— Work request —
Repeat the listing that follows exactly. Pictures are not part of the copy.

— Exercise data —
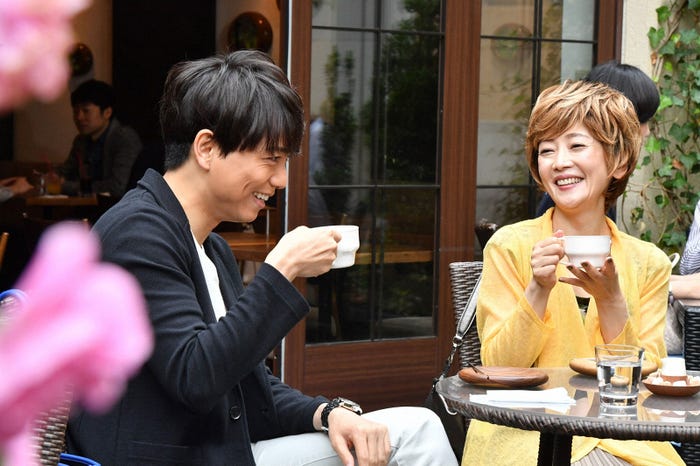 美都の母親ともすっかり仲良しに/山崎育三郎、麻生祐未/「あなたのことはそれほど」第6話より(画像提供:TBS)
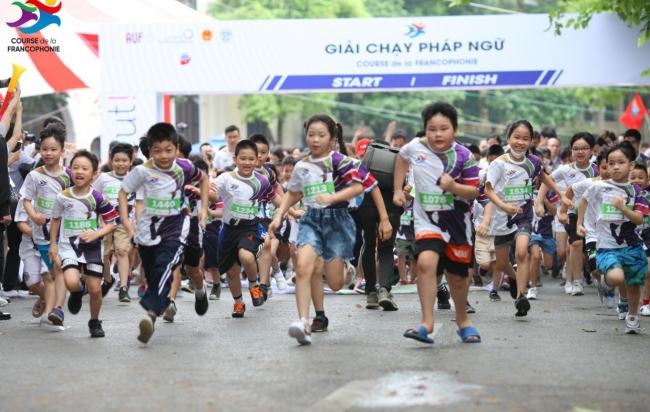 Gần 2.000 người tham gia Giải chạy Pháp ngữ 2022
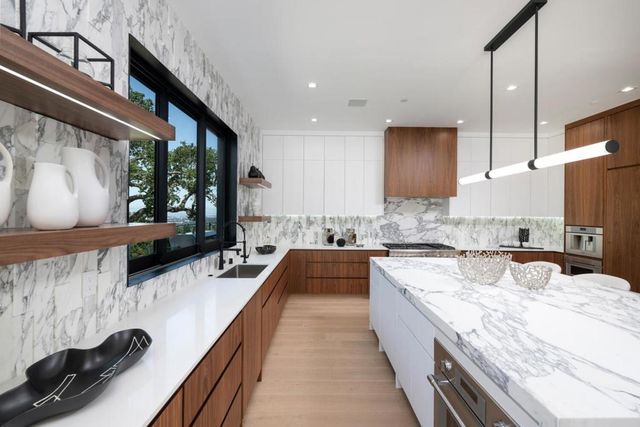 3964 Jefferson Avenue, Redwood City, CA 94062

— Finished exercise —
 美都の母親ともすっかり仲良しに/山崎育三郎、麻生祐未/「あなたのことはそれほど」第6話より(画像提供:TBS)
 Gần 2.000 người tham gia Giải chạy Pháp ngữ 2022
 3964 Jefferson Avenue, Redwood City, CA 94062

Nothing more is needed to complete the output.